La loi immuable

P111 autorité spirituelle et pouvoir temporel

René Guenon écrit

Toutes les doctrines traditionnelles affirment la suprématie du spirituel sur le temporel et ne considèrent comme normale et légitime qu’une organisation sociale dans laquelle cette suprématie est reconnue.
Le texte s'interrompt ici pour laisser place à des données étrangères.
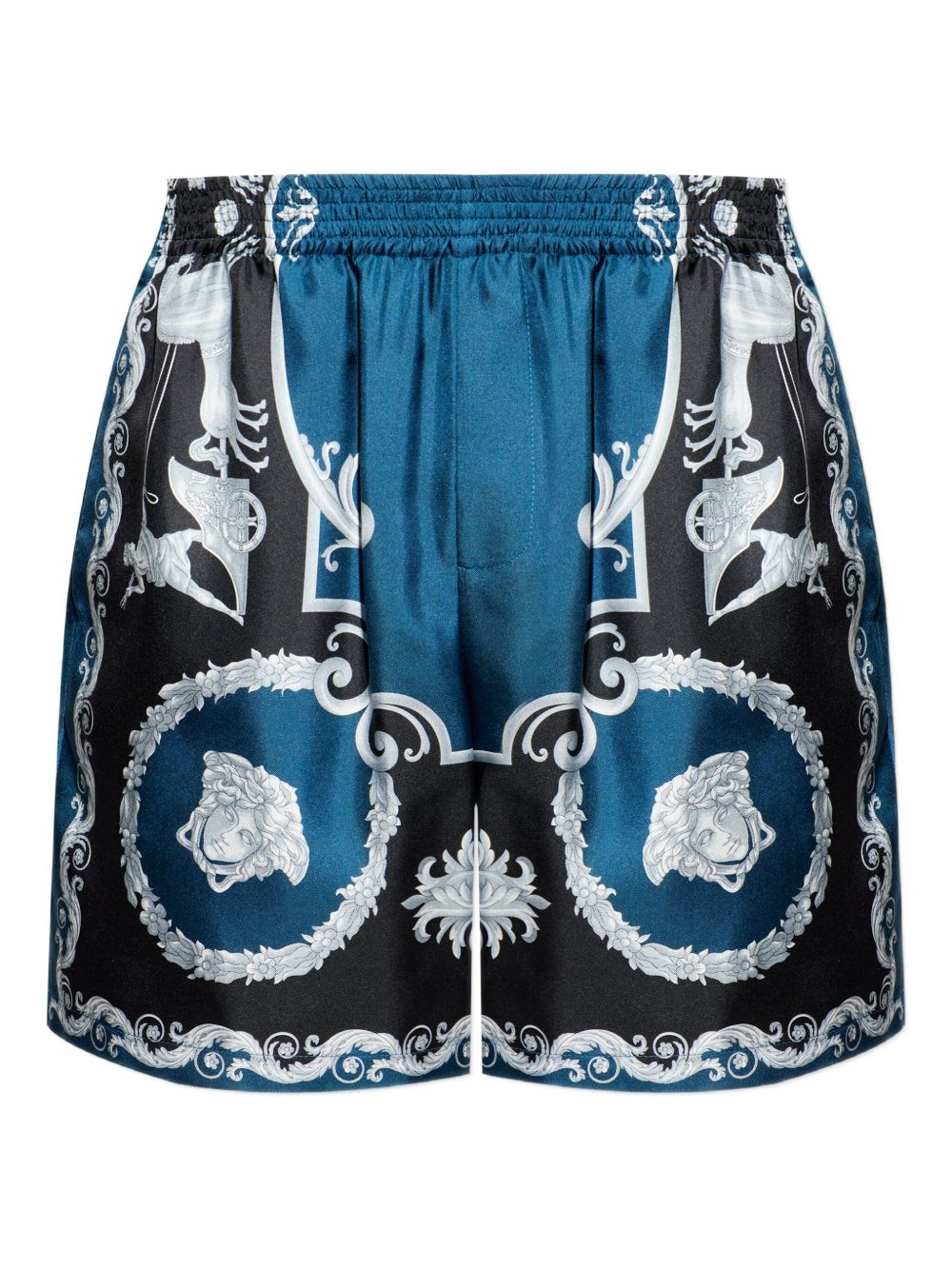 Baroque-Printed Silk-Nylon Shorts with Elastic Waistband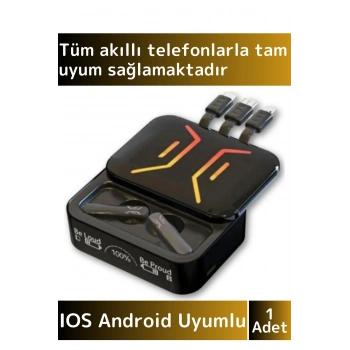 Premium iPhone 16 Pro Max Uyumlu Powerbankli Led Göstergeli Dokunmatik Kulak İçi Bluetooth Kulaklık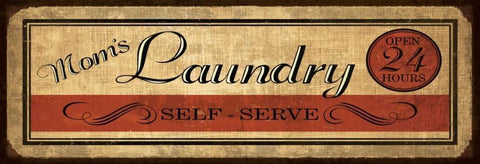 Self Serve Laundry Black Ornate Wood Framed Art Print with Double Matting by Harbick, N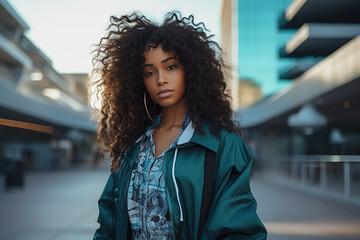 Young African American woman with afro hairstyle and 80s style clothes, street portrait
L’histoire montre que la méconnaissance de cet ordre hiérarchique entraîne toujours déséquilibre social, confusion des fonctions, dominations d’éléments de plus en plus inférieurs et aussi dégénérescence intellectuelle, oubli des principes transcendants d’abord, puis de chute en chute, on en arrive jusqu’à la négation de toute véritable connaissance.

Le pouvoir temporel, concerne le monde de l’action et du changement; or le changement n’ayant pas en lui-même sa raison suffisante, doit recevoir d’un principe supérieur sa loi, par laquelle seule il s’intégrer à l’ordre universel; si au contraire il se prétend indépendant de tout principe supérieur, il n’est plus, par là même que désordre pur et simple.

Le désordre est au fond la même chose que le déséquilibre, et dans le domaine humain, il se manifeste par ce qu’on appelle l’injustice.

La Loi est niée dès lors qu’on nie le principe même dont elle émane; mais ses négateurs n’ont pu la supprimer réellement et elle se retourne contre eux; c’est ainsi que le désordre doit rentrer finalement dans l’ordre, auquel rien ne saurait s’opposer, si ce n’est en apparence seulement et d’une façon tout illusoire.

Parmi ceux qui se posent en défenseurs de l’autorité spirituelle, combien en est-il qui soupçonnent ce que peut être cette autorité a l’état pur, qui se rendent compte de ce que sont ses fonctions essentielles et ne s’arrêtent pas à des apparences extérieures, réduisant tout à de simples questions de rites, dont les raisons profondes demeurent d’ailleurs totalement incomprises, et même de « jurisprudence », qui est une chose toute temporelle?